I want to convert a tab-delimited text into a 2D tensor object so that I can feed the data into a CNN.
What is the proper way to do this?
I wrote the following:
from typing import List, Union, cast
import tensorflow as tf
CellType = Union[str, float, int, bool]
RowType = List[CellType]
# Mapping Python types to TensorFlow data types
TF_DATA_TYPES = {
str: tf.string,
float: tf.float32,
int: tf.int32,
bool: tf.bool
}
def convert_string_to_tensorflow_object(data_string):
# Split the string into lines
linesStringList1d: List[str] = data_string.strip().split('\n')

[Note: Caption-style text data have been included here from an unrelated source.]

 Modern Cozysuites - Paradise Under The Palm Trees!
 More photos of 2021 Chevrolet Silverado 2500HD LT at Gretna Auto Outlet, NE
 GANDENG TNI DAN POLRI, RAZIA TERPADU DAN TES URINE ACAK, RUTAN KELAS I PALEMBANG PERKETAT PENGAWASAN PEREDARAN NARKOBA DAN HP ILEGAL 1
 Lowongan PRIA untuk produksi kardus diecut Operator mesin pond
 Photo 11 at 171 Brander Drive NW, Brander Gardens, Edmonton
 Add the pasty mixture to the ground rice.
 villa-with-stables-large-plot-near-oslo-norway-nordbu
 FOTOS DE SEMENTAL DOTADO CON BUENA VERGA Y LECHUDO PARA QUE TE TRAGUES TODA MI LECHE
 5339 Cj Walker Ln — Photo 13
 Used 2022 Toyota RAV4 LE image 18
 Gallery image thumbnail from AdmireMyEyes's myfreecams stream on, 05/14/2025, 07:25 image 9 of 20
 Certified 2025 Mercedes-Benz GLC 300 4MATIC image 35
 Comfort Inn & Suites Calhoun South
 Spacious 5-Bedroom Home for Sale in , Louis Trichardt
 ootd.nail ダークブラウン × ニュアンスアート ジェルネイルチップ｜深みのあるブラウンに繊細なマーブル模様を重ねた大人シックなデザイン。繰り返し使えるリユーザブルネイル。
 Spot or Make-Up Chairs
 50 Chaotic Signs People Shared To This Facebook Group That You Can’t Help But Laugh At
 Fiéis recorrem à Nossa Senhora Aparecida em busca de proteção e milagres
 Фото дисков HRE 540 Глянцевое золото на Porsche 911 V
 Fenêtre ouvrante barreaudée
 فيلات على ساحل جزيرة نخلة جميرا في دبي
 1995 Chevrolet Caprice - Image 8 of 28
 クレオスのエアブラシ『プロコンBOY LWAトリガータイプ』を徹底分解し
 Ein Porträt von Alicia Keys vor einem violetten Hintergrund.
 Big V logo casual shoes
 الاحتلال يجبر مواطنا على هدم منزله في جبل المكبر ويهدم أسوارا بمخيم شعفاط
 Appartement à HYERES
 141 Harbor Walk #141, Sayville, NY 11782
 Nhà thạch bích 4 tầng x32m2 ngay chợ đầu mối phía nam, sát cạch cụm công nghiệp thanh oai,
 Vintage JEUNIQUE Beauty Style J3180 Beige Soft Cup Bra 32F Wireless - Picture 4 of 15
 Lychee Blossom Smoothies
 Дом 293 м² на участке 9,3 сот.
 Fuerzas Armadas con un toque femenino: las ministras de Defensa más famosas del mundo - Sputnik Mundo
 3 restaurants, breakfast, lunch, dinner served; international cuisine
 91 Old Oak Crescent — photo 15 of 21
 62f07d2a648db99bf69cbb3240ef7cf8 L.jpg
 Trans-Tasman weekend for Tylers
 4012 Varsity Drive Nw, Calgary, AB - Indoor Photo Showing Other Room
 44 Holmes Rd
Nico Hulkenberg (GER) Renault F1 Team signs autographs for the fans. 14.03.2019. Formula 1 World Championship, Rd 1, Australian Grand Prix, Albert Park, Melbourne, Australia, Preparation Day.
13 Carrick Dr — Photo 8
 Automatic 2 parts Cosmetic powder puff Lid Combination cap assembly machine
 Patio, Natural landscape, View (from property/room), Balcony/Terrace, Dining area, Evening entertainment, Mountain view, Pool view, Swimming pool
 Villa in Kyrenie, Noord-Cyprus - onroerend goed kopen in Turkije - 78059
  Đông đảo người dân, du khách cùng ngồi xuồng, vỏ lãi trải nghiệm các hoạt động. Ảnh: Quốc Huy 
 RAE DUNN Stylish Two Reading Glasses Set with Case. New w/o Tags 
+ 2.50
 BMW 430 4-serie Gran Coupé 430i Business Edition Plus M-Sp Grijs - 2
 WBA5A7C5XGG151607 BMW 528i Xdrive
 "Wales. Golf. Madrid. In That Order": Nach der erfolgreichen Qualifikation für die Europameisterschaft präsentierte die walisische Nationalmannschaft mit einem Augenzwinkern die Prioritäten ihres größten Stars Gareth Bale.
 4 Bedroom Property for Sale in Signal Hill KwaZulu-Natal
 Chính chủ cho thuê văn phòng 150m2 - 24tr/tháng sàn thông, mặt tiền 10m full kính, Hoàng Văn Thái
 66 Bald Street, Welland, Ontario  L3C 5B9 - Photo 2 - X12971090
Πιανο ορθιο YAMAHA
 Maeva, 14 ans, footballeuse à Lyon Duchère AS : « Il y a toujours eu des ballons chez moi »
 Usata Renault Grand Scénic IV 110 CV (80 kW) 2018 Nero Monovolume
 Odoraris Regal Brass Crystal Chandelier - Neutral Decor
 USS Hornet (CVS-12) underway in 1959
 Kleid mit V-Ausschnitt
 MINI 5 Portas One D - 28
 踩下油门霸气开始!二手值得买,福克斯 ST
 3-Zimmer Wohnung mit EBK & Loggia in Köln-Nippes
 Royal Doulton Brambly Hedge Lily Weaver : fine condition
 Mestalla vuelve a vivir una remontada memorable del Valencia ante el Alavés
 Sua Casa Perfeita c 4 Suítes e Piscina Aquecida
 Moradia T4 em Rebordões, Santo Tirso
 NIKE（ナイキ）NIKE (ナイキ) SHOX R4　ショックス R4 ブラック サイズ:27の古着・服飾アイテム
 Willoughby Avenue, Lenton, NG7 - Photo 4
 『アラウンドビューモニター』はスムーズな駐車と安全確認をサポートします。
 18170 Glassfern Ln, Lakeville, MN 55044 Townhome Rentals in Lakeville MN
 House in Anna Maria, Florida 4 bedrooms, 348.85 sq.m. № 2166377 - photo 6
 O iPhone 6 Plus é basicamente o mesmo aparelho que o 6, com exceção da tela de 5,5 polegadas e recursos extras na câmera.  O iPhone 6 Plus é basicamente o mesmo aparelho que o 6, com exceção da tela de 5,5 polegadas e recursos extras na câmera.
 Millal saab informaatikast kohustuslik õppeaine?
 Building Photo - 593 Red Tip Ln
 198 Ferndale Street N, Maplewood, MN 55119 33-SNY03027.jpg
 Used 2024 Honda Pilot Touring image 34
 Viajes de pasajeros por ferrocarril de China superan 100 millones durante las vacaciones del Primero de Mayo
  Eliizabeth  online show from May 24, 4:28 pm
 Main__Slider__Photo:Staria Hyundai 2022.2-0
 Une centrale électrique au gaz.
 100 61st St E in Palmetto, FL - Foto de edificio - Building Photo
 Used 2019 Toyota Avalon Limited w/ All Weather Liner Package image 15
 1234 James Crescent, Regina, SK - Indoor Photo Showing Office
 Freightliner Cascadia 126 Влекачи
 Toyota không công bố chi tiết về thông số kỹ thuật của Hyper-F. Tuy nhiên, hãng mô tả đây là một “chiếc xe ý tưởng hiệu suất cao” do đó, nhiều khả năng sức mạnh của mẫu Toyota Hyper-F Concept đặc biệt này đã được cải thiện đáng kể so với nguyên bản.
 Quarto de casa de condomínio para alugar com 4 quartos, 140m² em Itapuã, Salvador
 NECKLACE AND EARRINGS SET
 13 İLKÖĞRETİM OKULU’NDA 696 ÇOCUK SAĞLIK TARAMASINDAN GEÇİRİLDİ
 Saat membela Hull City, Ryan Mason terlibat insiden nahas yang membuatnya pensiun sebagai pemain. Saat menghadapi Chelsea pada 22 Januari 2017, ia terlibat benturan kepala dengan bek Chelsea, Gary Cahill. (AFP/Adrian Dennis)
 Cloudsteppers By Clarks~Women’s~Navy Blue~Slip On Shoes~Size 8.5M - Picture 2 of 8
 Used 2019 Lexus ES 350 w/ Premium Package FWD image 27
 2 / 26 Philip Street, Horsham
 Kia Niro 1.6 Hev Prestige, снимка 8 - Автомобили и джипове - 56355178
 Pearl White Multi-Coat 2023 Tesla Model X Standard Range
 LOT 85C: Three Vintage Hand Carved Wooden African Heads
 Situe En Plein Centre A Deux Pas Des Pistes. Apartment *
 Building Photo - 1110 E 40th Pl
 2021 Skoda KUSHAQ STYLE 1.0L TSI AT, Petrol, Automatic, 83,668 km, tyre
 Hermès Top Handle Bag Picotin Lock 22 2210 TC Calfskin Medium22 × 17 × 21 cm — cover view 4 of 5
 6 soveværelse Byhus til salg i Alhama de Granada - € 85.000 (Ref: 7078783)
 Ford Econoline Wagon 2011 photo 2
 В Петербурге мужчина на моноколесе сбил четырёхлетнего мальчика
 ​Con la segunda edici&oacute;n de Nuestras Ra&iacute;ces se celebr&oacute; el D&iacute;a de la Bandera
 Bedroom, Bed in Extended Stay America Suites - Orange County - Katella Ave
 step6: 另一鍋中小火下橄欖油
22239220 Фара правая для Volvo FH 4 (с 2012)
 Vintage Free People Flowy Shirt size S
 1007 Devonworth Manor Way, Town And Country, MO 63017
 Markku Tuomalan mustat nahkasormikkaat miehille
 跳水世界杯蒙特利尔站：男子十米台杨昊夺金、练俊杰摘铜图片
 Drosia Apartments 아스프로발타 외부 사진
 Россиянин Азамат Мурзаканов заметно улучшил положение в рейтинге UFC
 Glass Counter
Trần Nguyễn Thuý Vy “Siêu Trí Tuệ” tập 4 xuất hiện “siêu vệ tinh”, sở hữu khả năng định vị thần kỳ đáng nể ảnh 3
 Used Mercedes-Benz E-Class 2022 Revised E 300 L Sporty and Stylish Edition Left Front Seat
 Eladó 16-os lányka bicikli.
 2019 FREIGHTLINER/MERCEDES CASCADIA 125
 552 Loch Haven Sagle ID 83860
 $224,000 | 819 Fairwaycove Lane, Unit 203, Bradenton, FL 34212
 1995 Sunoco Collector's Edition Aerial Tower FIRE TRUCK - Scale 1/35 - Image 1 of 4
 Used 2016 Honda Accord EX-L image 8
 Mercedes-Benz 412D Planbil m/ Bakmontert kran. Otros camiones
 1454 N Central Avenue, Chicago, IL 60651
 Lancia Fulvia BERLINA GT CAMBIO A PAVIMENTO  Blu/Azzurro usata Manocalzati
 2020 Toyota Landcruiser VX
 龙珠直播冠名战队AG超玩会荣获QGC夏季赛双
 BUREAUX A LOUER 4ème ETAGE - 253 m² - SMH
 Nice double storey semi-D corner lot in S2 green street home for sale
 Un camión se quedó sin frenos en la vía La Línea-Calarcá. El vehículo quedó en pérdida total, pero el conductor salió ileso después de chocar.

# Split each line into columns
dataStringList2d: List[List[str]] = []
for line in linesStringList1d:
rowItem: List[str] = line.split(' ')
dataStringList2d.append(rowItem)
# Convert the data to TensorFlow tensors
listOfRows: List[RowType] = []
for rowItem in dataStringList2d:
oneRow: RowType = []
for stringItem in rowItem:
oneRow.append(cast(CellType, stringItem))
listOfRows.append(oneRow)
# Get the TensorFlow data type based on the Python type of CellType
tf_data_type = TF_DATA_TYPES[type(CellType)]
listOfRows = tf.constant(listOfRows, dtype=tf_data_type)
# Create a TensorFlow dataset
return listOfRows
if __name__ == "__main__":
# Example usage
data_string: str = """
1 ASN C 7.042 9.118 0.000 1 1 1 1 1 0
2 LEU H 5.781 5.488 7.470 0 0 0 0 1 0
3 THR H 5.399 5.166 6.452 0 0 0 0 0 0
4 GLU H 5.373 4.852 6.069 0 0 0 0 1 0
5 LEU H 5.423 5.164 6.197 0 0 0 0 2 0
"""
tensorflow_dataset = convert_string_to_tensorflow_object(data_string)
print(tensorflow_dataset)
Output:
C:\Users\pc\AppData\Local\Programs\Python\Python311\python.exe C:/git/heca_v2~~2/src/cnn_lib/convert_string_to_tensorflow_object.py
Traceback (most recent call last):
File "C:\git\heca_v2~~2\src\cnn_lib\convert_string_to_tensorflow_object.py", line 51, in <module>
tensorflow_dataset = convert_string_to_tensorflow_object(data_string)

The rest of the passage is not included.